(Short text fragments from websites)

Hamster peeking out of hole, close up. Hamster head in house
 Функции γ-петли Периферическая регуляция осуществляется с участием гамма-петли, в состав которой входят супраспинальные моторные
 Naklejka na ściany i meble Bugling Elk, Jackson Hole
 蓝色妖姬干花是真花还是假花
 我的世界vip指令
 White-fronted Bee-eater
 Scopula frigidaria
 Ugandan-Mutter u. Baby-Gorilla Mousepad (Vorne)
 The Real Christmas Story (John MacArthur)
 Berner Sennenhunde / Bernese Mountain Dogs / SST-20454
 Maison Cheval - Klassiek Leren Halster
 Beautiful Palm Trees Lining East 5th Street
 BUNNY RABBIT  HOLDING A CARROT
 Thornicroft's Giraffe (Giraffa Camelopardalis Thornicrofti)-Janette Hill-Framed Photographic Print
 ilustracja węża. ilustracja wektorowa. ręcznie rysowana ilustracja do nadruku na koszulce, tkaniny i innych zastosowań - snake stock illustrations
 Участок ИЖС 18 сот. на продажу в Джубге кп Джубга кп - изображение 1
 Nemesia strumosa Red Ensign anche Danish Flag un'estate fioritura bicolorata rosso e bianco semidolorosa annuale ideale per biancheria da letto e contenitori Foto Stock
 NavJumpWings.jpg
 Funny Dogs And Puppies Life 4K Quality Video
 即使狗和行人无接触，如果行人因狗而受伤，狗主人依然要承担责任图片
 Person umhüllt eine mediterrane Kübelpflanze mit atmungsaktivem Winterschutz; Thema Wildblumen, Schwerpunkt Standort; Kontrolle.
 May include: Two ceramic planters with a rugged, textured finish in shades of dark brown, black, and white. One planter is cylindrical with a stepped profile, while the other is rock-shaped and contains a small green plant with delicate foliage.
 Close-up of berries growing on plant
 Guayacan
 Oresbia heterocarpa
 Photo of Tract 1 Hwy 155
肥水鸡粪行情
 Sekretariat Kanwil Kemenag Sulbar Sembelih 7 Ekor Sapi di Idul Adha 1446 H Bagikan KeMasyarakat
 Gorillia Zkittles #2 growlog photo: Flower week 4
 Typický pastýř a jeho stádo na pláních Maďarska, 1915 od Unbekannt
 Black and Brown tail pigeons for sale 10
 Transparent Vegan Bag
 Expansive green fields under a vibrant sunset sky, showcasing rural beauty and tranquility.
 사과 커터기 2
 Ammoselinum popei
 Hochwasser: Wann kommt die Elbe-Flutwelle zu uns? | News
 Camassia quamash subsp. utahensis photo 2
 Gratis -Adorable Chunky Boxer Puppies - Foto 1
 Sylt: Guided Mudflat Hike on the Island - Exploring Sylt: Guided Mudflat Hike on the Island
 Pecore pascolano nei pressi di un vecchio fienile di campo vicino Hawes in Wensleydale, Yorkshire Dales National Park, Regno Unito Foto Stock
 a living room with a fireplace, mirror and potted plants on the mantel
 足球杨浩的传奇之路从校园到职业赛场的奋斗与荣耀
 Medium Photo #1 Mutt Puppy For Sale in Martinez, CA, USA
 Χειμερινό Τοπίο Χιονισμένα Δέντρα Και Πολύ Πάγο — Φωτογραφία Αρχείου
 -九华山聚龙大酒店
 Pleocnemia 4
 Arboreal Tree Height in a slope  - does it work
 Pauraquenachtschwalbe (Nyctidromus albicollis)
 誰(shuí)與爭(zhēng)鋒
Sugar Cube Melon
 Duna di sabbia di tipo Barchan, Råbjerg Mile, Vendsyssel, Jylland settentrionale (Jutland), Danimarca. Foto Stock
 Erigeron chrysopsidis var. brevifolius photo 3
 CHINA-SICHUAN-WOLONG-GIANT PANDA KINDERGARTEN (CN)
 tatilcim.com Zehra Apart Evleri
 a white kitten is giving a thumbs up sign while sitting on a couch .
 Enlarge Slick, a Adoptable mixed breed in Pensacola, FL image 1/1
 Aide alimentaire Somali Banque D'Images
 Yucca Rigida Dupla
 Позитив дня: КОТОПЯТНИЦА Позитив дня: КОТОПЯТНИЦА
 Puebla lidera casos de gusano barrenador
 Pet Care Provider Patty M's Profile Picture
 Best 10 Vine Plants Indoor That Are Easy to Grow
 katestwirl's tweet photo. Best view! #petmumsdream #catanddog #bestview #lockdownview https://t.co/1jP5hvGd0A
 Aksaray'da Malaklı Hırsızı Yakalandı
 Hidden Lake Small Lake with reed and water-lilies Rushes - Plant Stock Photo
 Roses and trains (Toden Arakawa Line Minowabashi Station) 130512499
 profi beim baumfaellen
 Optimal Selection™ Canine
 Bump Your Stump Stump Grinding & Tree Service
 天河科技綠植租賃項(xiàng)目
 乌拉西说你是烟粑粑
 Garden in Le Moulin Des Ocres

● **Instructions for the task**: Print only the lines from the one with "Optimal Selection™ Canine" to the end of the records, both included.

● **Written answer**:
 Optimal Selection™ Canine
 Bump Your Stump Stump Grinding & Tree Service
 天河科技綠植租賃項(xiàng)目
 乌拉西说你是烟粑粑
 Garden in Le Moulin Des Ocres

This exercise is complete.